DATASET RECORDS: Begin
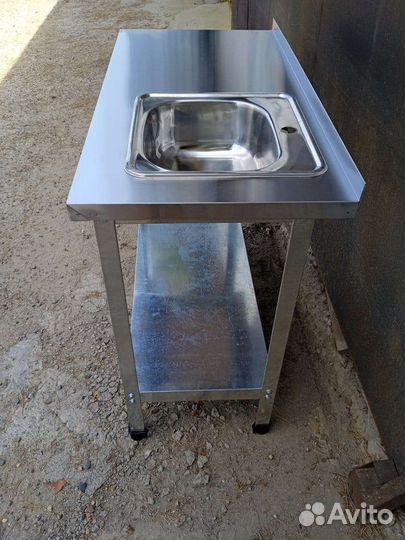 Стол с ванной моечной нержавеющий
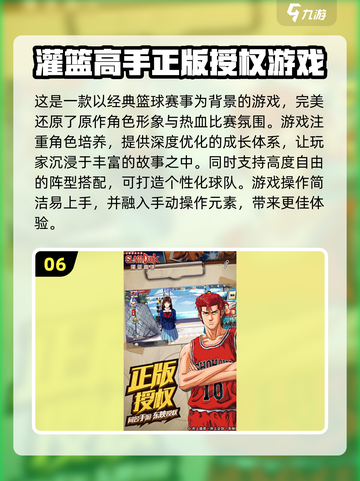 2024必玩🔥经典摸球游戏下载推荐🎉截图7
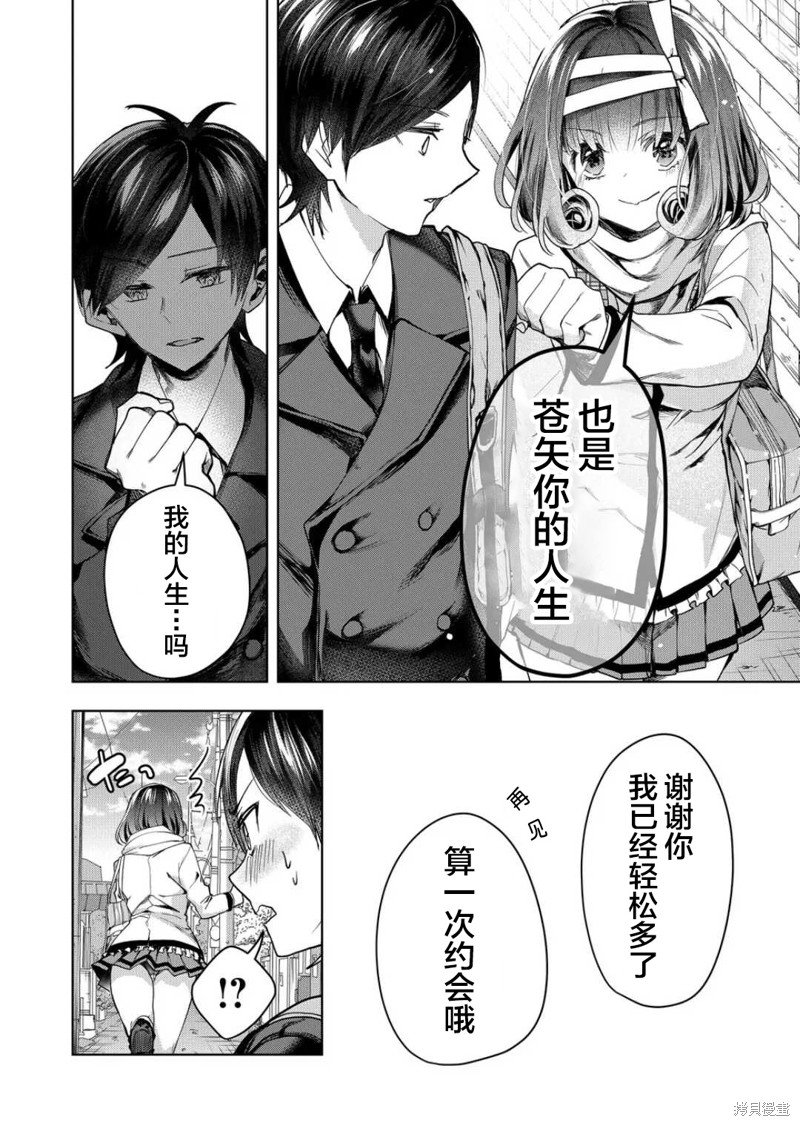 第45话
DATASET RECORDS: End
DATASET RECORDS: Begin
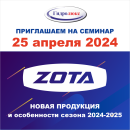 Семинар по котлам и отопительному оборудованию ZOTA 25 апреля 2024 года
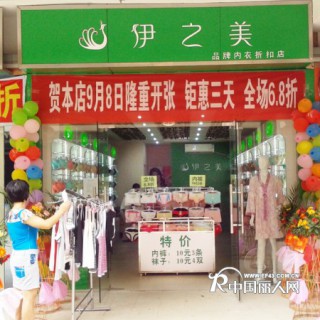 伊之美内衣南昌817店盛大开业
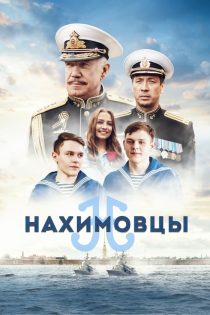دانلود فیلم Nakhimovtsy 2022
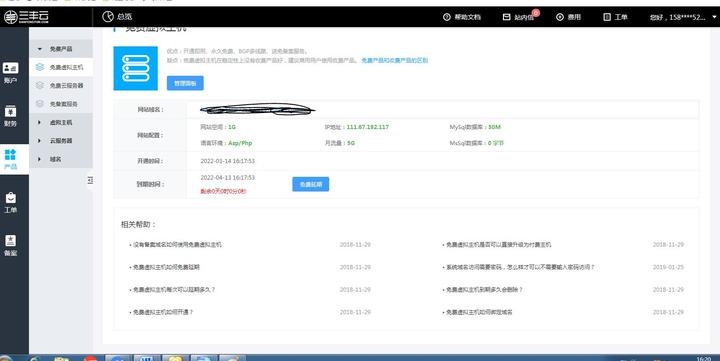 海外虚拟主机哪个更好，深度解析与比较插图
DATASET RECORDS: End
DATASET RECORDS: Begin
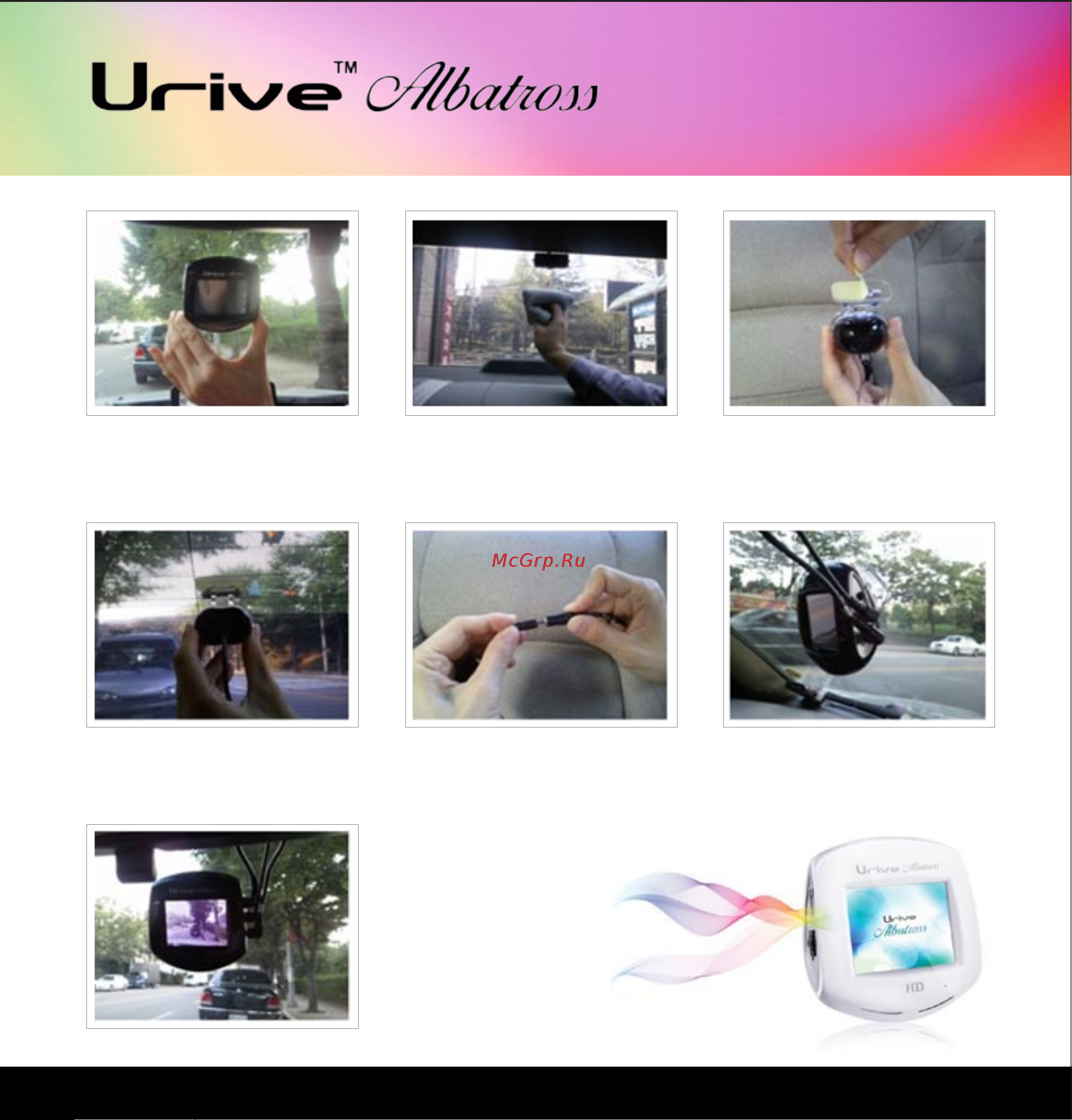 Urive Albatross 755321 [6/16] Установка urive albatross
DATASET RECORDS: End
● THE PROBLEM
For this exercise, return exactly the lines above from the line with "伊之美内衣南昌817店盛大开业" through the line with "海外虚拟主机哪个更好，深度解析与比较插图", both included. Do not copy the pictures.

● FINAL ANSWER
 伊之美内衣南昌817店盛大开业
دانلود فیلم Nakhimovtsy 2022
 海外虚拟主机哪个更好，深度解析与比较插图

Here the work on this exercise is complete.